Sunday, October 30, 2011

RSA - Humanity 2.0

From The RSA, Steve Fuller, Rachel Armstrong, China Mieville, Dr Sarah Chan, and Andy Miah debate how we will ascribe status to human life in a 'post-human' world.

Listen to the audio (full recording including audience Q&A)

Watch the video (below, edited highlights)

Read Professor Steve Fuller's article on RSA Comment: Humanity 2.0





RSA Debate


How will we ascribe status to human life in a ‘post-human’ world? Should we take post-humanism seriously? If so, how do we define and value our humanity in the face of a future that will only otherwise confer advantage on the few? As we re-engineer the human body, and even human genome, are we attempting to realize dreams that hitherto have been largely pursued as social-engineering projects or are we doing something new?


From traders and dreamers to technogeeks and philosophers, whose ideologies run the gamut from collectivism to libertarianism, a large constituency is already engaged with our enhanced future. This constituency may radically reconfigure the global political space.


The RSA gathers a high-profile panel of speakers to explore the hidden agendas behind our values and attitudes toward the place of ‘the human’ in today’s societies, and debate what must now be a key issue for the 21st century.

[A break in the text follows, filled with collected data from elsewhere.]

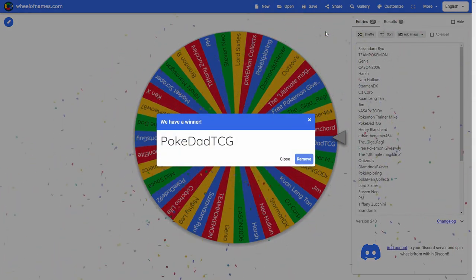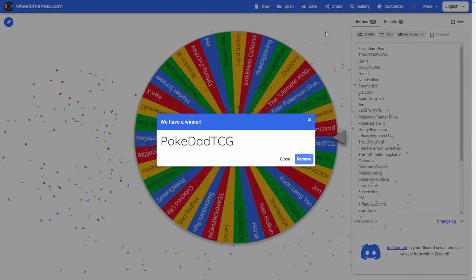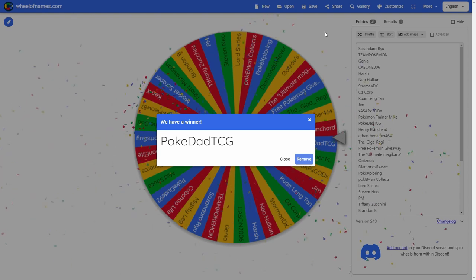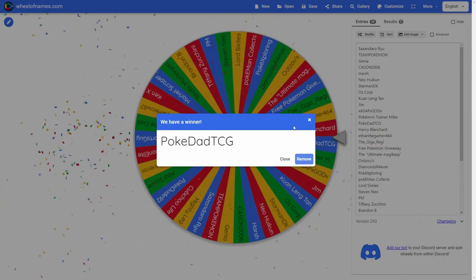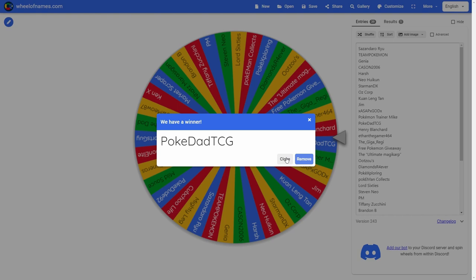Congratulations to PokeDadTCG! I don't think he's won on our channel. If he did, then I have amnesia and I'm sorry about that. But congrats to him, he has his own channel. Go check out his channel. I think he's a newer channel, but nonetheless go check him out. There's card openings, the whole deal.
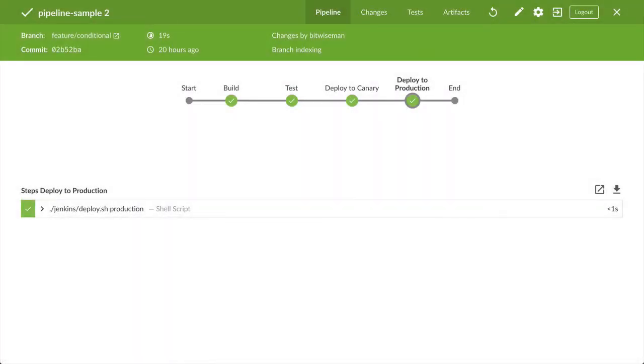Welcome to a Jenkins Minute. I'm Liam Neumann. In this Jenkins Minute, we'll look at conditional stage execution in declarative pipeline using the when directive.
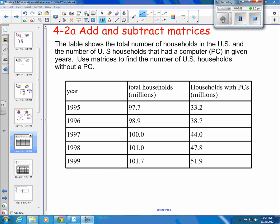So, Algebra 2, this is Chapter 4, Section 2. This will be the third video in this series covering adding and subtracting matrices, and we're going to do a couple of application problems here.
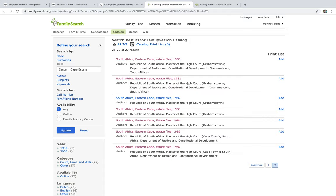Periodically, FamilySearch adds new catalogues to their website. As it so happens, one of my favourite catalogues in FamilySearch are these Eastern Cape Estate files.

Speakers: Professor Steve Fuller, Auguste Comte Chair in Social Epistemology, the Department of Sociology, the University of Warwick and author of 'Humanity 2:0'; Dr Rachel Armstrong, Senior TED Fellow and co-director, AVATAR (Advanced Virtual and Technological Architectural Research) in Architecture & Synthetic Biology, The School of Architecture & Construction, University of Greenwich; China MiƩville, author of several works of fiction and non-fiction; and Dr Sarah Chan, deputy director, ISEI (Institute for Science, Ethics and Innovation) & research fellow in Bioethics and Law, University of Manchester.


Chair: Dr Andy Miah, chair, Ethics and Emerging Technologies in the Faculty of Business & Creative Industries, the University of the West of Scotland.